Tip of the Day: Being sandals season, when you go to paint your toenails put lotion on first (on skin not nails). If you get any paint on your skin it'll rub off easily.
I've written six books now (and partials of two more) and I love them all. I've never written a book and felt iffy about it or felt like oh man, this one is torture to write, let's just get through it. I'm always very happy and in love with whatever project I'm working on. So if I get a different reaction to one of my books than another, I'm always shocked. What do you mean you don't like this book?! For example, with one of my books I've been told by some that my main character (MC) is unlikeable. I, of course, adore her. I guess I can see why people find her unlikeable. She does do some not so nice things. Even so, I still like her. So here's my question, can't we still love a book even if we don't love the MC?

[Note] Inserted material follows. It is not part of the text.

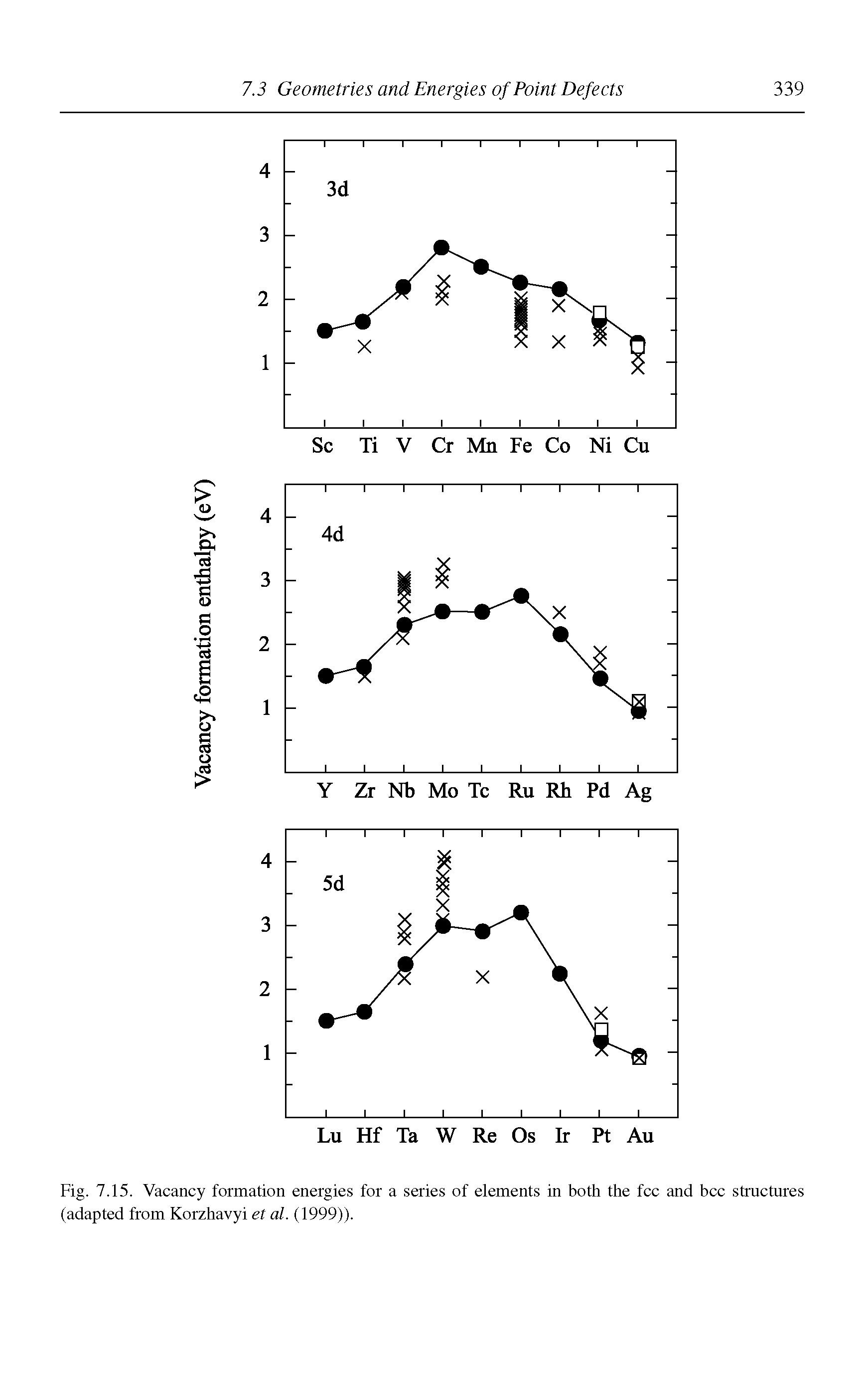 Fig. 7.15. Vacancy formation energies for a series of elements in both the fee and bee structures (adapted from Korzhavyi et al. (1999)).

For my book club last month we read Emily Griffin's Something Borrowed. I hated her MC. Really, I thought she was annoying, a bad friend, and thought to much of herself. But that didn't stop me from enjoying the book and wanting to read on in the series. So this unlikeable MC thing can work, right?
And aren't we all sometimes intrigued when we are told something is bad or we'll hate it etc. For example, Mandy Hubbard (author of Prada & Prejudice, out this June) had an awesome post this week about what do bad reviews really mean. Check it out here. Publisher's Weekly really gave this book a few whacks huh? You want to read it now don't you? I kind of do. I bet LOADS more people will read it now that this bad review was published. Maybe the unlikeable isn't so unlikeable.
What do you guys think? Ever love a book with an unlikeable MC?